Sneaky Colleagues? Do This!
As your career progresses and you advance in your industry, you may unfortunately deal with jealous and sneaky co-workers and colleagues. It’s unfortunate, but dealing with sneaky, manipulative, or jealous colleagues is easier if you know what to do beforehand.
The most important thing to remember is that jealousy is a sign of you doing something correct. The corporate world is naturally a competitive place and can, at-times, be cutthroat. With people looking to advance in any way, shape, or form, you will want to be careful and make sure that you deal with them effectively.
Don't Take It Personally
It’s easy to take the sneakiness, manipulation, or jealousy personally and to allow it to affect your work. However, you have to take a step back and understand that those feelings of jealousy are occurring because you are doing something right in the office.

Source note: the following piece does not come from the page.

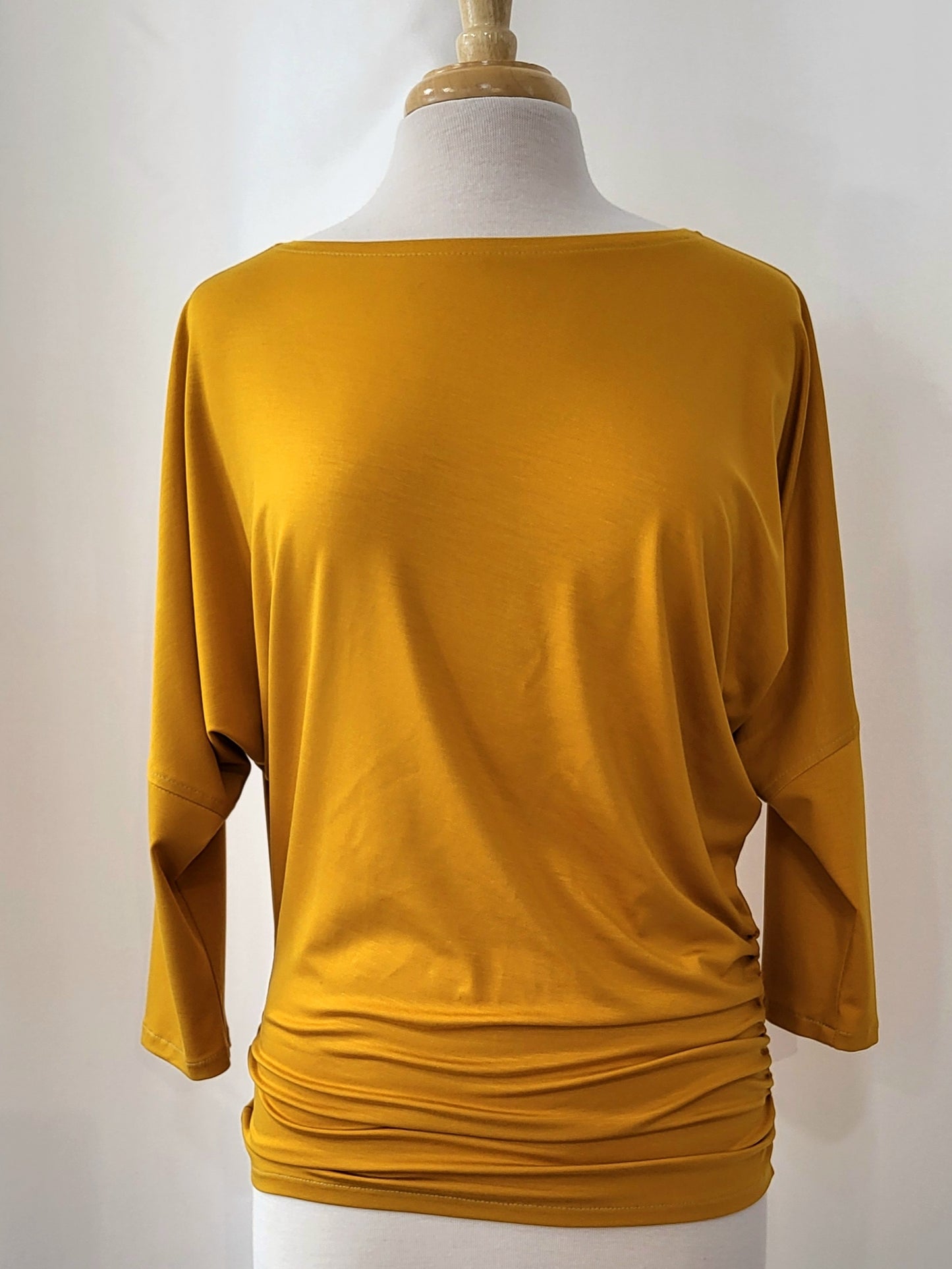 “Brigitte” top with 3/4 sleeves in bamboo jersey.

By allowing yourself to take it personally, you risk it affecting your work and your performance. Additionally, taking it personally may allow you to act on those feelings and risk your career.
Once you identify who it is being sneaky, manipulative, or jealous, take the mature approach and step away and out of the situation. By identifying the main culprit, you can take the best possible approach to keep yourself safe and progressing in your career.
However, if the wrongdoings become overbearing, you should take steps to protect yourself within the office. Keeping detailed instances of infractions and bringing these up to your manager or Human Resources department is vital.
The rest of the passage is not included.